150 years for Bernard Madoff. Is that the right figure? His lawyer had complained before the sentence about a sense of “mob vengeance” in the way victims were campaigning? If that’s proved to be the case, would you mind?
150 years for Bernard Madoff. Is that the right figure? His lawyer had complained before the sentence about a sense of “mob vengeance” in the way victims were campaigning? If that’s proved to be the case, would you mind?
Yes, the judge got it right, but this sentence shows that in Europe, there isn’t much “justice”. A couple years ago, WHYS had a show about a German woman who had commited 4-5 murders, showed zero remorse, and she was released after serving 25 years. She killed 4-5 people, and serves 25 years. He kills nobody, and serves 150 years.
What a ridiculous sentence 150 years! Madoff doesn’t have 15 years left to live so obviously the sentence is designed to appease the howling mobs much like sacrificing a gladiator in days long gone and raises the question regarding separation of powers in the US. Also we haven’t seen the appeals yet so it ain’t really over. Madoff’s only sin was in getting caught and such an unreal sentence will have no effect on the others since it is not realistic and not given for the right reasons. Should he be locked up?…..Hell yes! 150 year……….Oh my…..go figure!!
Yes…Madoff case; Judge handled the punishment correctly….
~Dennis Junior~
I think that’s fare for the minor inconvenience he caused to all those greedy rich people. Some of them are now forced still to fly the old model Gulfstream 2 private jet.
If he keeps his nose clean in jail he could be out in 80 years.
Hello again
I think the judge got it right. But what about all the others.
Jim
Key?
What key.
The law needed to show that if you get caught, you did not get a slap on the wrist. But anyone willing to think about doing this also thinks, in general, ‘they can’t be caught’ so I don’t know how useful it will be in the end.

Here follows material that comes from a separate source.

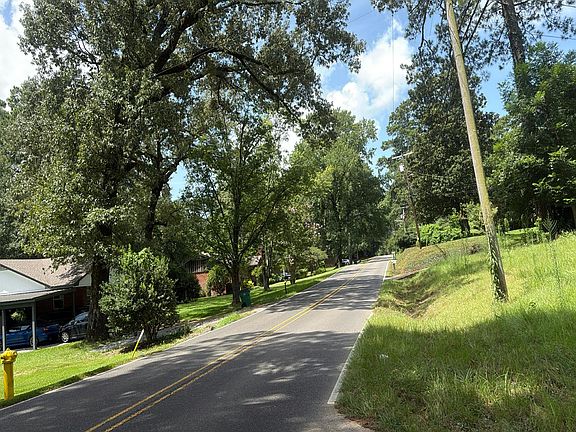 5th image of 2500 Lakeview Ln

Although I don’t think there is a place in our justice system for revenge, I am having a difficult time feeling much sympathy for the man. He swindled people that trusted him out of their life savings.

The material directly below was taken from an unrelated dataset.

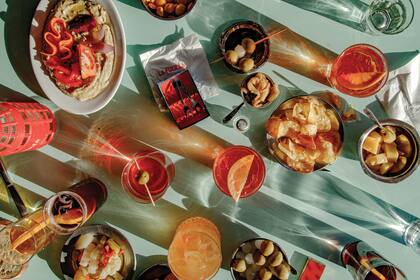 En La Fuerza vale la pena hacer un alto para probar sus sabores, sus colores y sus tragos para celebrar.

It was a great number. This man ruined so many lives, hopefully others will see this number and think twice if they are thinking about it.
-Anthony, LA, CA
(To my earlier comments)
I think that Judge in the Madoff case got the punishment correct and accurated for B. Madoff since eh has not shown any redeeming in his misdeeds against the people he hurt in his SCAM.
~Dennis Junior~
Bernard Madoff is the ultimate in Conservative Deregulated Capitalists, he showed absolutely no respect for rules and regulations and he ruined the lives of many many people.
He is in the same class as Senator Lindsey Graham, who pushed through the 1999 law that prevented any regulation and/or oversight of Derivatives and resulted in our current Re-Depression.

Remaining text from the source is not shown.